Passageiro Frequente

Em 1998, entrei com timidez num barbeiro do Plateau, na Cidade da Praia. As conversas pararam e todos os olhares se viraram na minha direção. Continuei a avançar e, logo depois, foram retomadas as frases interrompidas. Preparava-me para passar pelo menos um ano em Cabo Verde e tinha de cortar o cabelo.
Nesse tempo, a minha principal referência a esse nível era o barbeiro da vila onde cresci: calendários de mulheres nuas na parede, montes de cabelo no chão, o cheiro da água de colónia muito alcoólica, o som das vozes e das gargalhadas dos homens. Em Cabo Verde, o barbeiro tinha bastante semelhanças, com a exceção do som do crioulo, da luz que entrava pela porta sempre aberta ou do preçário para os diferentes cortes, no qual «cabelo fino» era tão caro como «panque mercano» («punk americano»). Este era um corte artístico, da moda, bastante punk e trabalhoso, e «cabelo fino», fiquei a saber, era o meu cabelo. Em Cabo Verde, eu que sempre achara que tinha cabelo grosso, encaracolado e rebelde, aprendi que, afinal, por comparação, tinha cabelo fino.
Depois, foi irreversível, fiquei desperto para esse prazer: sempre que posso, corto o cabelo em viagem. Esta talvez seja uma das sugestões turísticas mais excêntricas que costumo dar, no entanto, tenho já um pequeno grupo de amigos a seguirem-na e a concordarem comigo. Normalmente, os guias não incluem estas informações, o que obriga a perguntar aos locais e, quase sempre, a estabelecer uma comunicação efetiva: aconselhar um barbeiro é matéria sensível. Para além disso, trata-se de uma experiência de submersão na realidade mais genuína do país que se estiver a visitar. Os barbeiros e cabeleireiros não são um lugar onde normalmente se receba turistas.

Esta talvez seja uma das sugestões turísticas mais excêntricas que costumo dar, no entanto, tenho já um pequeno grupo de amigos a seguirem-na e a concordarem comigo.

É claro que é necessário algum desprendimento. Tem de se estar preparado para sair com um penteado bastante diferente daquele que se idealizou. As possibilidades desse desencontro tornam-se muito evidentes no momento de explicar a forma como se quer o corte. Em Nova Iorque, vou sempre a um barbeiro de chineses numa ruela da Chinatown. Apesar de estarem ali no coração de Manhattan, dá-me ideia de que não sabem mais de meia dúzia de palavras inglesas. Ainda assim, explicando-me por gestos, saio sempre satisfeito, convencido de que, por cinco dólares, seria impossível encontrar melhor.
Também tenho lugar certo onde costumo cortar o cabelo no Rio de Janeiro, em Paris e em Barcelona.
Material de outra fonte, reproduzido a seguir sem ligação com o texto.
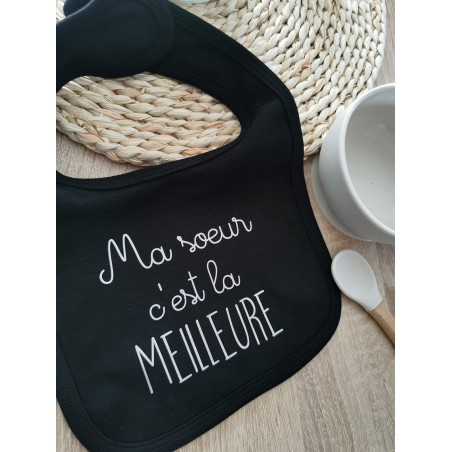 bavoir ma sœur c'est la meilleure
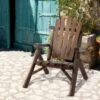 Outsunny Garden Adirondack Chair - Carbonised - 84B-730 -OUTSUNNY Sales Shop o u outsunny 84b 730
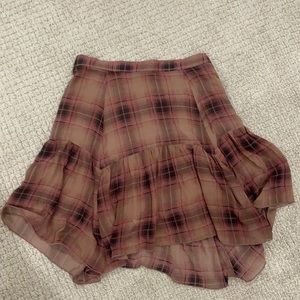 Urban outfitters NEW WITH TAGS plaid skirt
De certa forma, é como ter um restaurante preferido numa determinada cidade e voltar lá. Além desses, vou colecionando outros à medida das ocasiões. No ano passado, por exemplo, dei por mim a cortar o cabelo em Baucau, Timor-Leste.
Mãos a mexerem-me na cabeça: é um momento de intimidade que fica marcado nas memórias e nas lições desses lugares. Viajar também pode ser isto, principalmente se procuramos conhecer o outro.
Escrevo estas palavras em São Tomé. Cheguei ontem, mas já andei a fazer perguntas. Falaram-me numa tal Dona Nanda. Amanhã ou depois, vou lá conhecê-la.